Now, ABC is going to come into the crosshairs here because certainly the questions that they asked, and the follow-ups, were more hostile towards Trump than they were towards Harris. Would you say that they were biased against Trump? Well, I would say that they were more focused on fact-finding, and Trump, more frequently than Harris and more frequently than any politician at that level, is making up his own facts. And they were doing a fair amount of fact-checking in real time. I would say there was a little bit of bias in the sense that there were a couple of places they could have been fact-checking Kamala Harris, and they didn't. And I think they could have done a better job of that. I also think that they gave Trump much more time to follow up when he wanted to, and they typically cut off Harris at the end of her time. You could say that that's bias in favor of Trump, except it didn't help Trump. It actually hurt Trump because the longer he was speaking, the more rattled and unhinged he appeared to be.
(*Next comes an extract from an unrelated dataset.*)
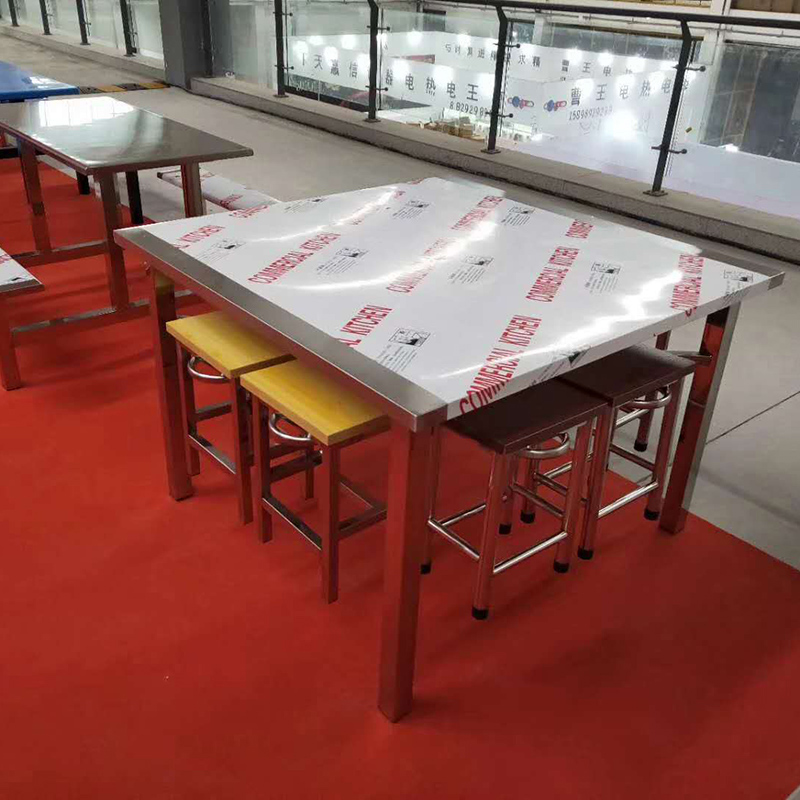食堂餐桌椅 连体餐桌椅广杰支持定制 员工食堂餐桌椅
So, I'd certainly say if you were looking at this debate, in terms of who you thought actually came across as a winner, and you had uncertainty as a potential voter, in the way that Biden/Trump would have been 95%, Trump, Harris/Trump would be 80% Harris. Now, if you're a partisan on the Harris or Trump side, it didn't matter what was going to happen, and you're going to say that your side won, no matter what. If you're trying to defend Trump tomorrow on air, you're going to say, “This was three-on-one. This was an ABC dogpile. They're the fake news. They should be shut down.” And I suspect Trump will be saying that, both directly and with his proxies tomorrow.
But the fact is, he did not perform, and he is a 78-year-old man. He has not been particularly on point or on message in lots of his rallies recently, if you've watched them, or at the Economics Club in New York last week, if you watch that speech, he has vulnerabilities. And Kamala Harris, who had not been tested at this level before, this is, you know, a presidential debate, she's the nominee., it's the biggest spot of her life, and she gave the best performance of her vice presidency, in my view. Was she, you know, Obama in terms of masterful and soaring rhetoric? No. was she Reagan? Same, no. But was she capable of sounding presidential, sounding like a leader, and thumping Trump pretty hard? Absolutely, yes. I think this is an incredibly tight race. It's essentially a coin flip. I think this will probably give Harris a little bit more momentum that had tapped out after the convention. But it's probably not going to move her 2 or 3 points. It might move her half a point or a point.
It's very, very tight. And I still think this election is very much open over the next couple months. But Harris did herself significant favors, Trump did himself none, over the last couple of hours, and that's the news going into tomorrow. That's my view. Best I can do. You can disagree with it, but you know, I at least try to tell you what I think is going on honestly, and I'll talk to you all real soon.